REPUBLIKA.CO.ID, JAKARTA -- Pembangunan sebuah kota besar seperti Jakarta, hendaknya mampu menyelaraskan antara kebutuhan masyarakat perkotaan modern dengan alam. Upaya menjaga keseimbangan antara kebutuhan masyarakat dan alam bisa dilakukan salah satunya dengan memaksimalkan peran sungai dan menjaganya dari pencemaran.
Menurut Penasehat Senior Sekolah Desain Universitas Pelita Harapan, Alwi Sjaaf, disela diskusi perkotaan bertajuk "Transforming Lives Human & Cities" Kamis (25/2) provinsi DKI Jakarta saat ini dilewati 9 sungai dari Selatan ke Utara. Namun, tidak satupun dari sungai dipergunakan warganya sebagai tempat berinteraksi. Kondisi demikian karena selama ini pembangunan Provinsi DKI Jakarta belum menyelaraskan dengan sungai dan situ (danau) yang ada.
Sebenarnya desain kota Jakarta pada zaman Belanda sudah selaras dengan alam. Seperti ditepi sungai tidak langsung berdiri bangunan, tetapi dipisahkan jalan kendaraan dan jalan manusia (pedestrian).
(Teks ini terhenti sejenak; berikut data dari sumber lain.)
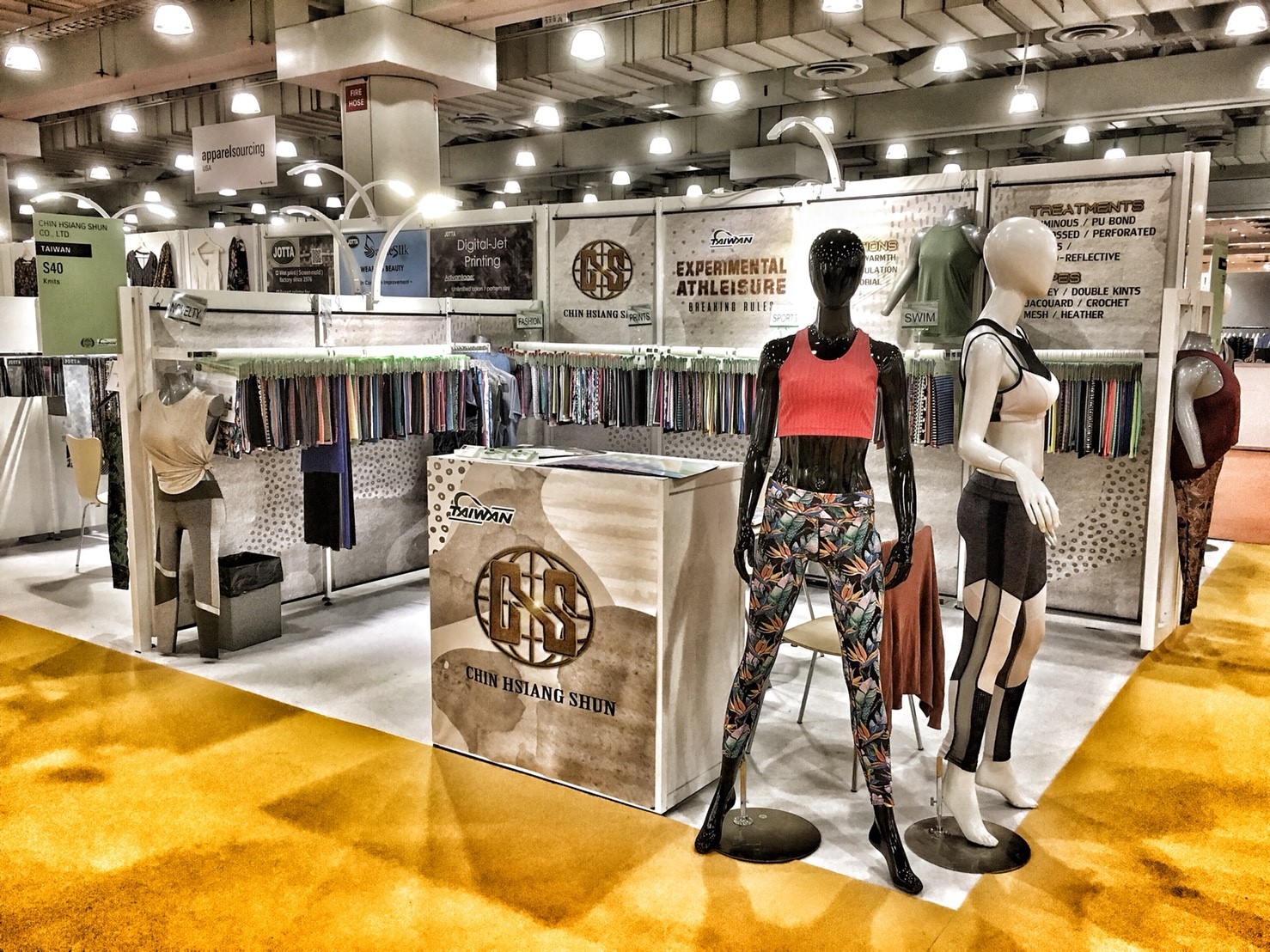 2018texworldusa-nyc_04.jpg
Tujuannya agar manusia dapat memanfaatkan sungai untuk menangkap ikan atau sebagai lokasi untuk bersosialisasi, namun seiring berjalannya waktu terjadi perubahan pada fungsi sungai.
Bangunan sekarang sebagian besar membelakangi sungai, tidak menyisahkan ruang terbuka, serta menjadikan sungai tempat pembuangan sampah dan limbah rumah. "Sebagian besar sungai yang melewati Jakarta sudah kotor dan bau," tutur Alwi.
Diakuinya bukan pekerjaan mudah untuk mengembalikan Jakarta sebagai kota yang ramah dengan alam. Gubernur DKI Jakarta Basuki Tjahaja Purnama berupaya membenahi sungai, situ, dan ruang terbuka hijau. Seharusnya langkah itu diikuti partisipasi warganya dengan tidak membuang sampah di sungai. Pemprov DKI berupaya merevitalisasi waduk Ria-Rio di Jakarta Timur sehingga warga kini dapat berinteraksi di taman-taman yang disediakan di pinggir waduk.
Peneliti masalah perkotaan, Helle Soholt mencontohkan kota New York, AS awalnya sangat padat. Kemacetan kendaraan menjadi pemandangan sehari-hari. Namun sekarang berubah karena pemerintah mengubah jalan raya menjadi tempat pejalan kaki. Masyarakat juga dapat menggunakan sepeda, atau sarana angkutan umum yang nyaman. Ruang terbuka hijau juga lebih banyak sehingga memungkinkan masyarakat berinteraksi secara bebas.